(Captioned web image data)
—————
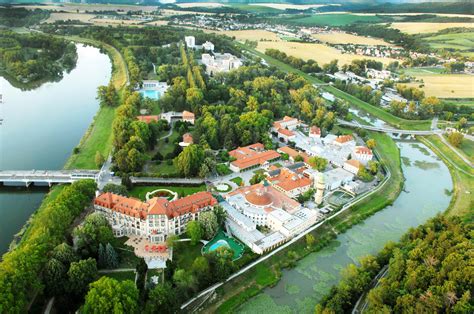 Záber na Kúpeľný ostrov v Piešťanoch s historickými budovami a udržiavaným parkom.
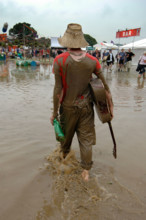 A musician walks through the flood water at the Glastonbury festival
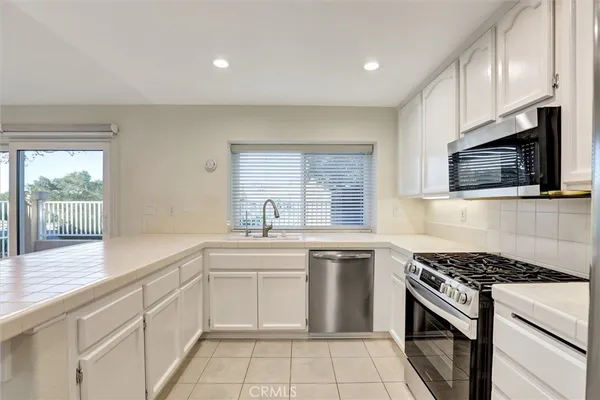 a kitchen with a sink stove top oven and cabinets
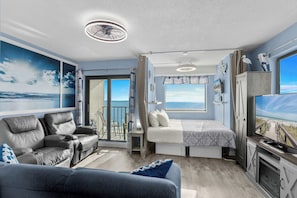 A modern room with a balcony, a bed, a sofa, and a TV.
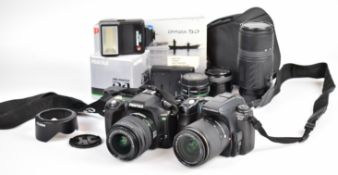 Two digital SLR cameras comprising Konica Minolta Dynax 5D with AF DT zoom 18-70mm 1:3.5-5.6D lens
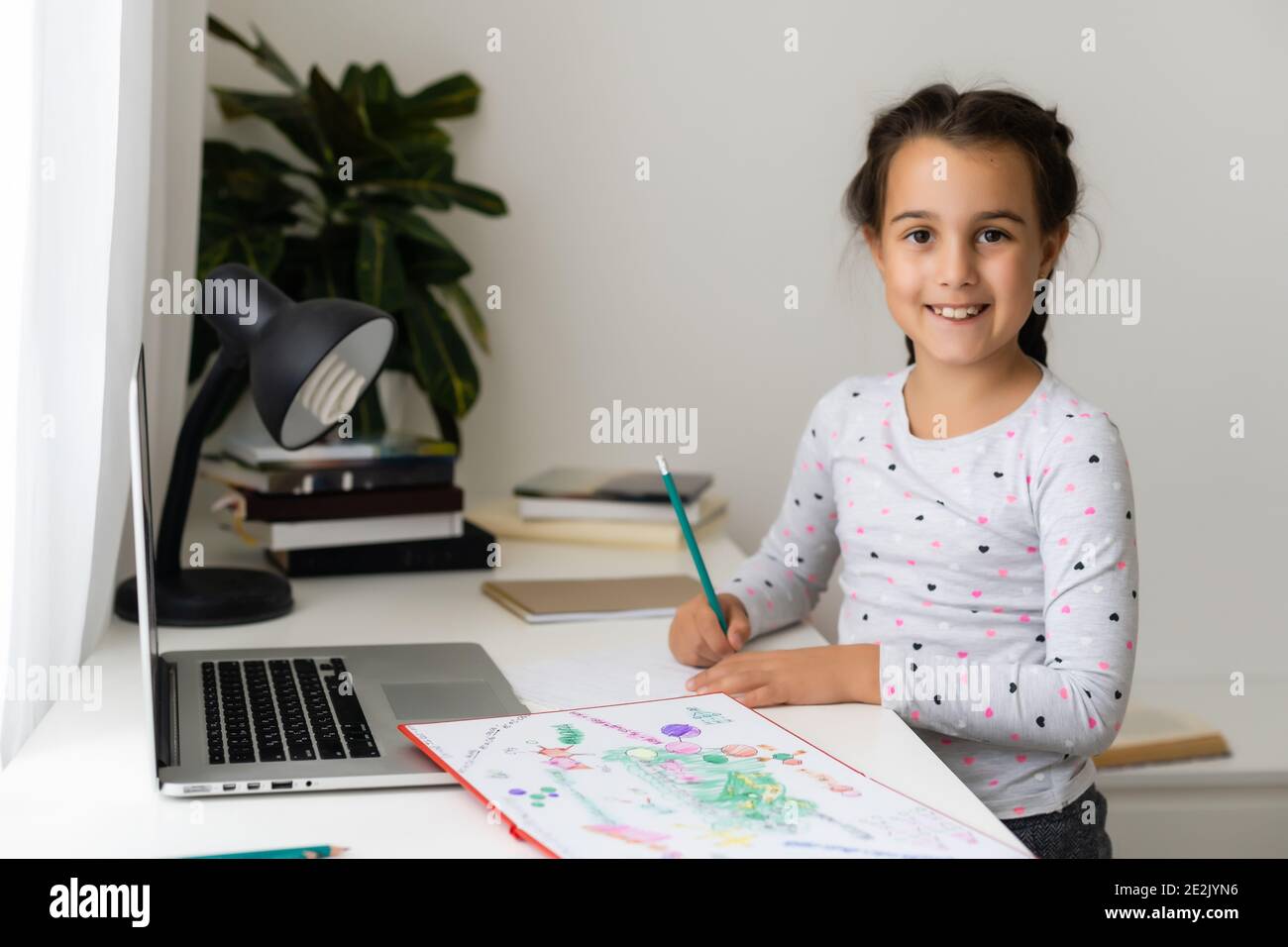 Little girl studying online using her laptop at home Stock Photo - Alamy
—————
| Task description |
An exact copy of the entries above is required; pictures are not part of it.

| Solution for this task |
 Záber na Kúpeľný ostrov v Piešťanoch s historickými budovami a udržiavaným parkom.
 A musician walks through the flood water at the Glastonbury festival
 a kitchen with a sink stove top oven and cabinets
 A modern room with a balcony, a bed, a sofa, and a TV.
 Two digital SLR cameras comprising Konica Minolta Dynax 5D with AF DT zoom 18-70mm 1:3.5-5.6D lens
 Little girl studying online using her laptop at home Stock Photo - Alamy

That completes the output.